The portrayal of the villagers and their ways is all over the place. They’re suspicious of our protagonists, seemingly blame all of them for the events that unfold (it’s really only one or two of them), throw cats at them, and watch Barbara’s death without intervening. Soon enough, they seem to be really gearing up for the human sacrifice, and in a classical bit of child-based horror, a group of white-shirted young boys creepily try to convince a girl their age to come with them, and then when they succeed, seem to intentionally push her off a cliff into the sea—she is saved by Frye, but her mother is killed by the monster when she jumps into the water to help. Were the kids attempting to make their own sacrifice to the monster? That doesn’t really line up with what Nereus has planned, which is far less sinister: they just hold a festival with a play recreation of the old ways (the guy playing the monster has a really good costume), because he knew that it was up to Madeline to do what she was apparently supposed to do—although, in the end, it was actually Frye who sacrifices himself to solve the monster problem.

Actors likes Jones and Ferrer are here to class up the joint, with Jones especially nailing the complexities of his character, even making all the Shakespeare-quoting parts seem less ridiculous. Kove and Weller seem to be the rather typical normies who show up in these types of movies, either joking around or yelling when weird stuff happens (so, pretty normal for a vacation), and it feels like the eighties-ness of them is played up for minor-key comedy. At least that means we get a few different types of women in this movie about violence against women: a go-go eighties type (Sherry), a ditz (Barbara), and someone detached from reality (Madeline), although all three are played by gorgeous actresses who either spend time in bathing suits or get very, um, wet—just in case you thought this movie about a monster murdering people was too high-minded. Oh, I guess there’s a nun as well, so there’s a fourth type of female character.

The setting is probably a big part of the atmosphere, ably shot by director Richard Jeffries—as I said, it’s beautiful to look at, and the irony of such a brightly-lit beach locale being used in a horror movie (don’t worry, we get plenty of caves and ancient ruins to balance it out) combined with the real classical architecture gives a sense of authenticity to its plot based in ancient history. There’s plenty to see that makes the allure of such a place apparent, even if we still end up with another “those wacky foreign cultures and their mysterious ways” story. Also, it certainly gives it more atmosphere than the creepy circus music on the soundtrack, provided by Jerry Mostly and…Shuki Levy?! Get outta here Shuki, this isn’t an Ink & Pain review!

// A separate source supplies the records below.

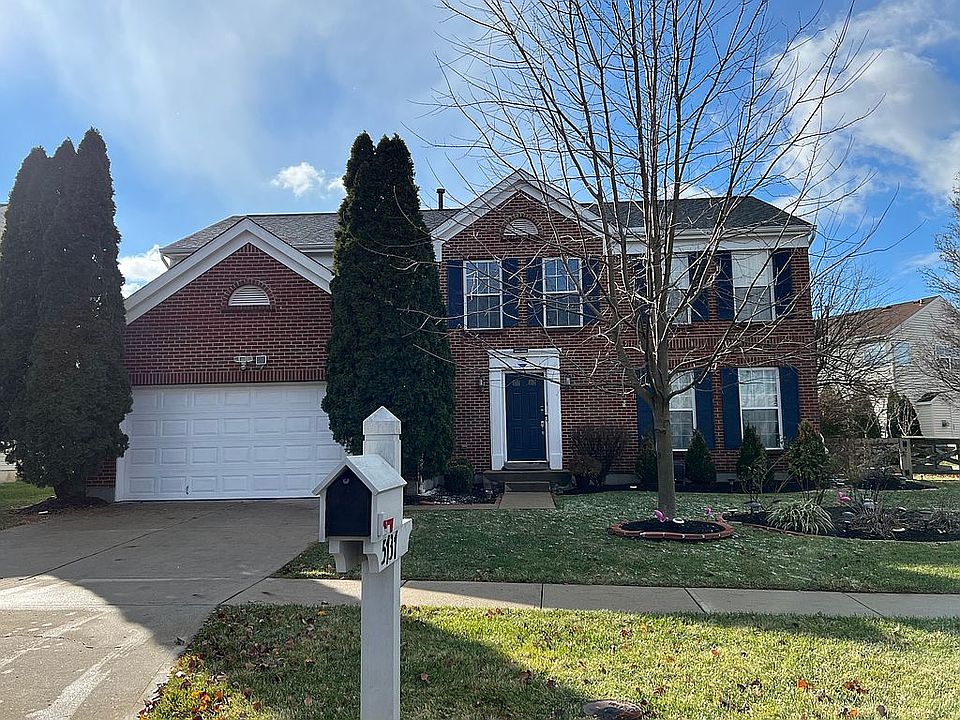 1st image of 5737 Meadowview Dr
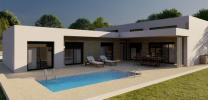 Annonce Vente Maison Pinoso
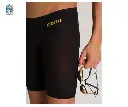 ARENA CARBON AIR 2 - BLACK-GOLD JAMMER RACE SUIT (2).webp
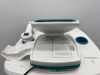 VERATHON BVI 9400 Urological Instrument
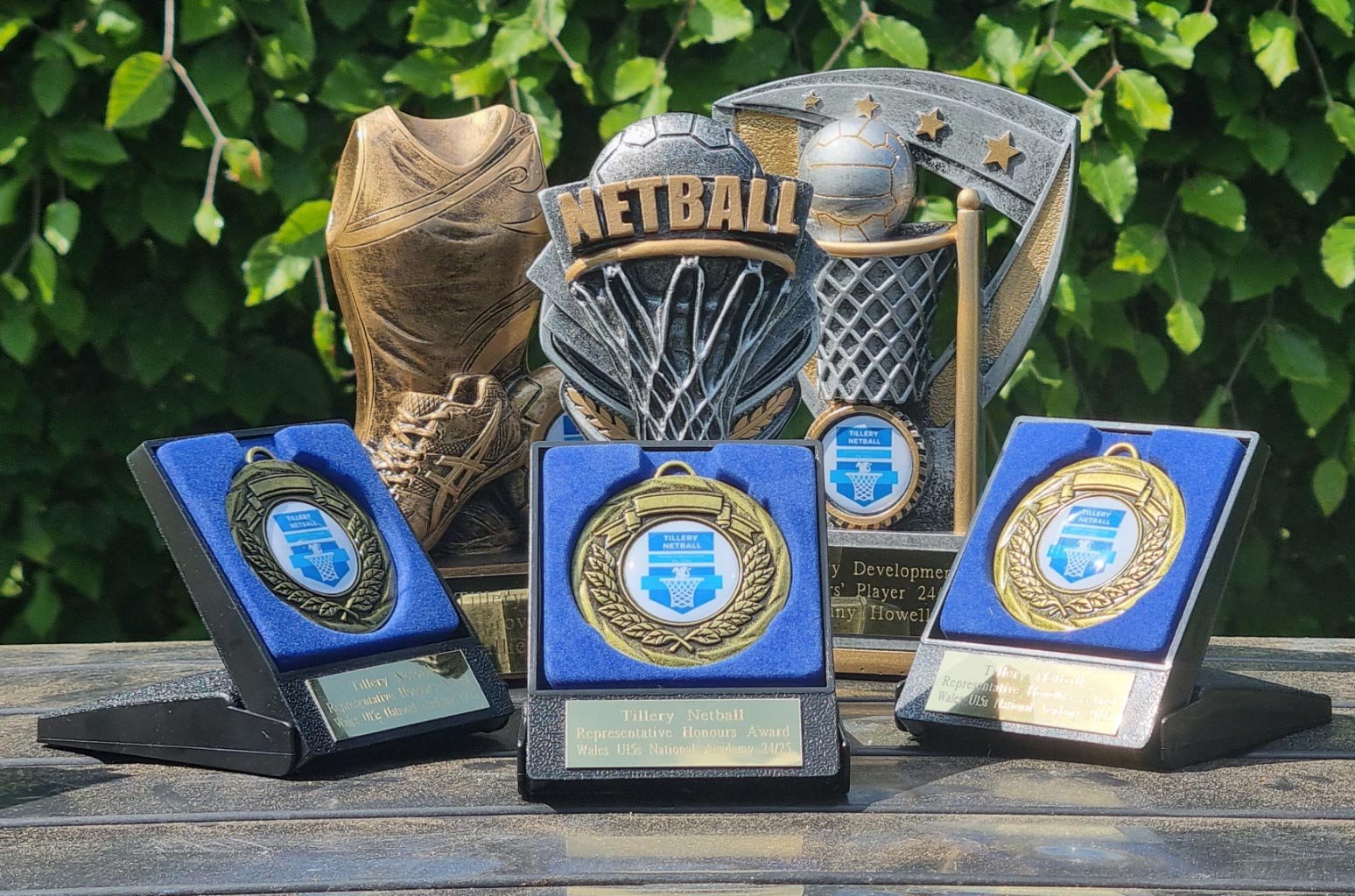 netball-trophies25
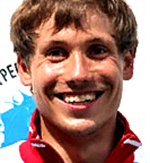 СУСЛОВ Алексей Андреевич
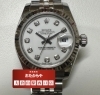 デイトジャスト　高価買取「【デイトジャスト】高価買取いたしました‼️」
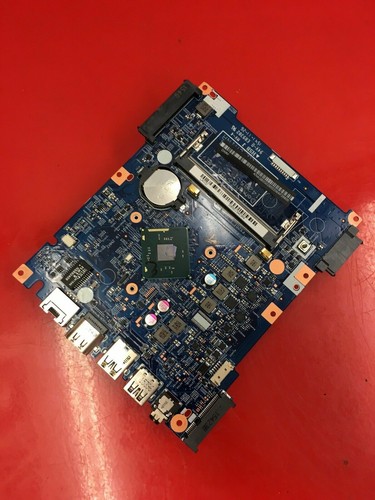 Carte mère pour acer - carte,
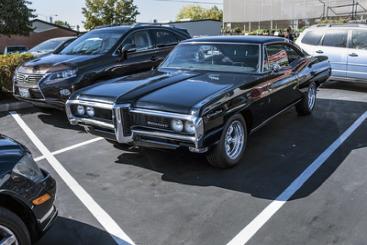 Source: Robert Couse-Baker & https://flic.kr/p/XMFmAe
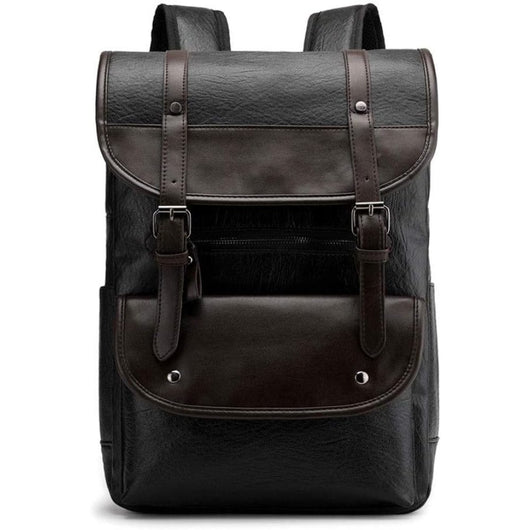 Teraplast aura nazca 24 ash nazca 24 ash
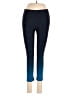 Fabletics Stars Blue Active Pants Size XS - photo 1
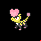 Pokémon #782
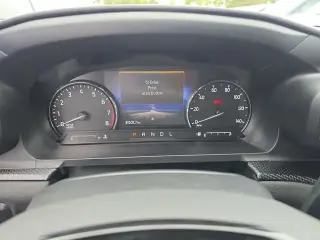 Ford Explorer 2023 AWD ST-Line 4dr SUV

This is one of those movies that falls between the categories—Blood Tide is not quite aiming at sophistication, but it’s also not doing anything too stupid to be considered pure schlock, especially with actors that are actually putting in the effort. I’m not sure if its take on ancient evils or old religions returning in the modern day adds anything new to the discussion, but the choice of location is something I hadn’t seen before in one of these movies, and that adds some visual interest to what is ultimately a “Wicker Man meets Jaws” elevator pitch. Now that I think about it, that is a pretty good elevator pitch.